Organização ofensiva
- Estrutura: 4-1-2-3, com os extremos posicionados em largura.
- Ligação direta: Kiwior/Bednarek a procurar William Gomes/Pepê em posições exteriores.
- Half-spaces: Gabri Veiga e Victor Froholdt com movimentos de rutura para atacar espaços nas costas ou arrastar referências defensivas.
- Desequilíbrio individual: William Gomes como principal referência para receber em largura
- Ligação vertical: Pablo Rosário com papel de ligação e procura de facilitar a progressão pelo corredor central.
- Referência na área: André Silva como referência ofensiva na área, mantendo também mobilidade durante a construção.
Comportamentos-chave
- Jakub Kiwior: referência individual sobre Chiquinho, procurando controlar as suas receções entre linhas.
- William Gomes: principal foco de desequilíbrio individual, procurando receber em largura e atacar diretamente o adversário.
- Froholdt e Gabri Veiga: movimentos de rutura nos half-spaces, procurando atacar a profundidade ou arrastar marcações.

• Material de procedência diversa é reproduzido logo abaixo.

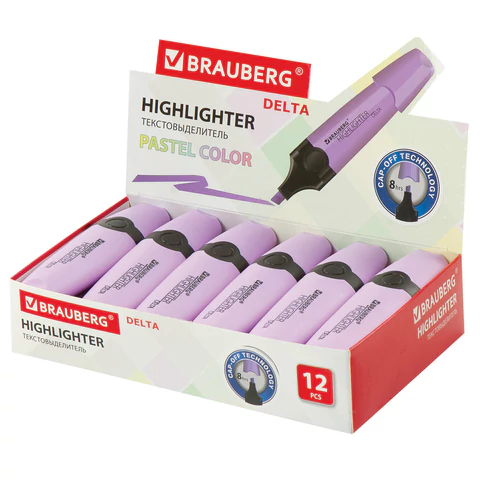 Текстовыделитель BRAUBERG "DELTA PASTEL", ЛАВАНДОВЫЙ, линия 1-5 мм, 151733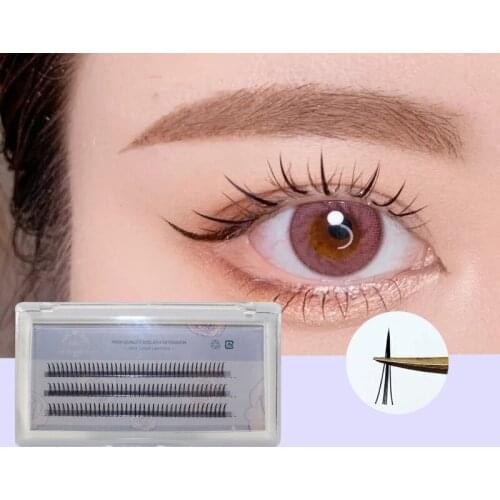 1 box Eyelash Extension 3D Natural Russian Volume Faux Eyelashes Individual Cluster fluffy black Lashes eyelash Makeup supplies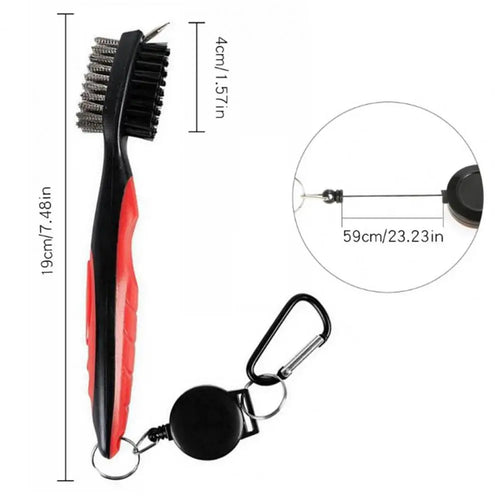 2-in-1 Golf Cleaning Brush with Groove Cleaner - Portable Clip-On Tool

- Ligação central-extremo: procura frequente do passe direto entre central e extremo para ultrapassar a pressão interior do Alverca e explorar os corredores.

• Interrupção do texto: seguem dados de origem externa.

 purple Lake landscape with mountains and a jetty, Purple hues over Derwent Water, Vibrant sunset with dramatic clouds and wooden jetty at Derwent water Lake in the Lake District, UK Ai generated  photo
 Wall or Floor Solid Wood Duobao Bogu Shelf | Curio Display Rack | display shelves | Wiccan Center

- Pablo Rosário: contribuição para a ligação vertical e para aumentar as soluções pelo corredor central, sobretudo na segunda parte.
Limitações
- Progressão interior: dificuldade em progredir pelo corredor central durante a primeira parte, sobretudo perante o 4-4-2 do Alverca.
- Espaço entre linhas: dificuldade em controlar o espaço entre linhas no lado esquerdo, permitindo a Chiquinho receber e progredir.

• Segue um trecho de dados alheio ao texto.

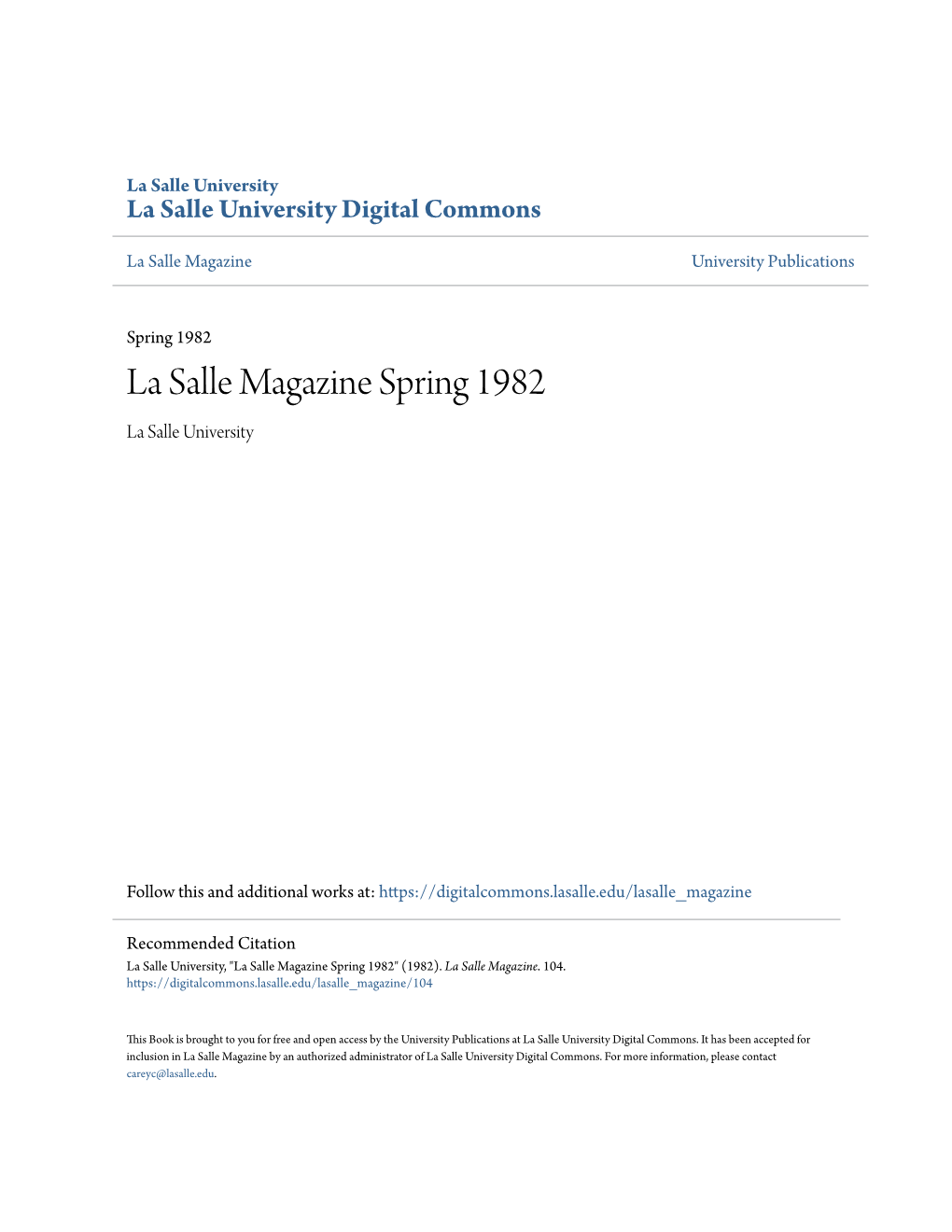 La Salle Magazine Spring 1982 La Salle University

- Reposicionamento lento dos extremos após perda da bola: permitiu que o FC Porto ficasse em 5-2-3 em diversos momentos e consequentemente, maior dificuldade para controlar zona entre linhas.
- Dependência exterior: necessidade de recorrer frequentemente aos corredores e às ligações diretas para ultrapassar o bloqueio interior do Alverca.
Impacto competitivo
- Corredor central: dificuldade em encontrar soluções interiores durante a primeira parte perante a organização defensiva do Alverca.
- Corredores exteriores: capacidade para criar perigo através de William Gomes, Pepê e das situações de cruzamento.
- Ligação direta: utilização das ligações central-extremo como solução para ultrapassar a pressão interior do Alverca.
- Segunda parte: maior influência no jogo interior após a entrada de Pablo Rosário.
- Alteração do equilíbrio: maior capacidade para explorar o corredor central coincidindo com a perda de frescura física do Alverca.